Neil Armstrong, First Man on Moon, Dies at 82


US astronaut Neil Armstrong, who took a giant leap for mankind when he became the first person to walk on the moon, has died at the age of 82 on 25 August.


Armstrong died following complications from heart-bypass surgery he underwent earlier this august month.

As commander of the Apollo 11 mission, Armstrong became the first human to set foot on the moon on July 20, 1969. As he stepped on the dusty surface, Armstrong said, "That's one small step for (a) man, one giant leap for mankind.

Those words endure as one of the best known quotes in the English language.

Some controversy still surrounds his famous quote. The broadcast did not have the "a" in "one small step for a man ... " He and Nasa insisted static had obscured the "a," but after repeated playbacks, he admitted he may have dropped the letter.

Attempts have been made using modern acoustic equipment to search for the missing letter, with one Australian scientist claiming to have found it. Armstrong has expressed a preference, however, that written quotations include the "a" in parentheses.



The Apollo 11 astronauts' euphoric moonwalk provided Americans with a sense of achievement in the space race with Cold War foe the Soviet Union and while Washington was engaged in a bloody war with the communists in Vietnam. 

Neil Alden Armstrong was 38 years old at the time and even though he had fulfilled one of mankind's age-old quests that placed him at the pinnacle of human achievement, he did not revel in his accomplishment. He even seemed frustrated by the acclaim it brought. 

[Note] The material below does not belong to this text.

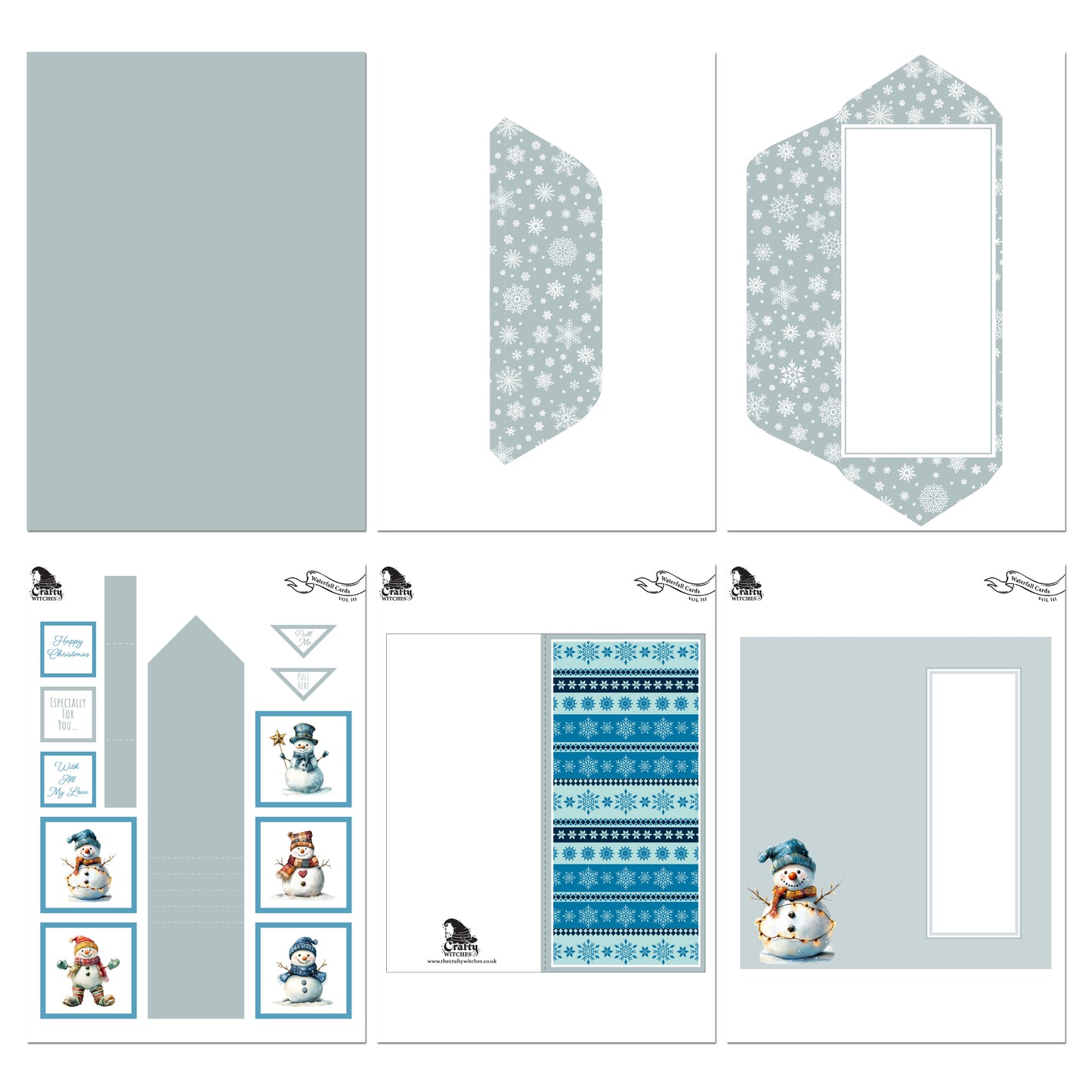 The Crafty Witches Waterfall Cards Vol III Digital Collection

"I guess we all like to be recognized not for one piece of fireworks but for the ledger of our daily work," Armstrong said in an interview on CBS's "60 Minutes" program in 2005.
He once was asked how he felt knowing his footprints would likely stay on the moon's surface for thousands of years. "I kind of hope that somebody goes up there one of these days and cleans them up," he said. 

Born Aug. 5, 1930, in Wapakoneta, Ohio, Armstrong was the first of three children of Stephen and Viola Armstrong. He married his college sweetheart, Janet Shearon, in 1956. They were divorced in 1994, when he married Carol Knight.